Frost was cast for a role as a munchkin in the film, but because he was born with achondroplasia dwarfism, a growth defect that causes short stature, he was hesitant at first.
“That was a concern of mine doing it, and that was also a concern of a lot of people who put their name in the hat, so to speak,” he said. “In the back of your mind, you’re thinking ‘Is this one of those things where it’s going to exploit me or am I going to be treated fairly in whatever setting?’”
Not only was Frost nervous about the possibility of being exploited, this opportunity was his first acting encounter since his early teenage years. Frost said middle school dinner theatre was the only acting he had done prior to receiving the Hollywood role. Although he acknowledges the role could lead to others, Frost said he doesn’t plan on making a career out of his newfound stardom.
As a member of Little People of America, Inc., a nonprofit organization that provides support and information to people of short stature and their families.
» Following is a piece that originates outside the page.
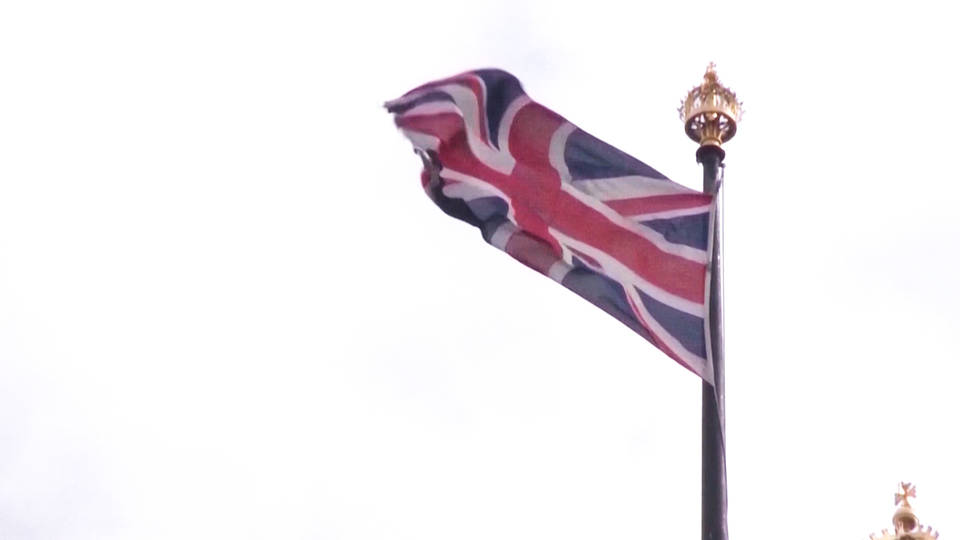 H5 uk close borders unskilled non english speaking imimgrants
Frost was attending a national conference in California when he was approached by movie representatives. He said the representatives were looking for athletic little people and after casting, he began filming in Pontiac, Mich.
MSU Assistant Professor of Media Acting Mark Colson said he has not seen the film, but was excited that it was shot locally.
“It is fantastic that the film was shot in Michigan,” Colson said. “Michigan Motion Picture Studio is a state-of-the-art facility and will hopefully attract more film projects to our state.”
Frost said he looks forward to graduating in May with a degree in psychology.
“For as long as I can remember, I wanted to be someone who can make someone else’s life better, because I know what it’s like to have to struggle,” he said.
Frost’s roommate, animal science senior Samantha Dietz said the best part about Frost is he never set limits for himself.
“He never uses (his dwarfism) like a crutch, it was always like, ‘This is who I am,’” Dietz said. “Even though he’s had some discrimination, he still has the most positive attitude.”
Though Frost missed the release of the film because of a cruise during spring break, he, Dietz and a group of friends went to see it as soon as they returned.
“It was awesome seeing his face light up,” Dietz said. “We had a group of probably 20 to 25 people and we saw it in the big 3-D theatre and everybody just turns as soon as we see him (on screen) and he had this huge grin on his face.”
With his new-found celebrity and record-high box office numbers, Frost said what he’ll take most from the experience is more personal.
“You learn your strengths and your limitations, but you also learn the strength that comes with it.”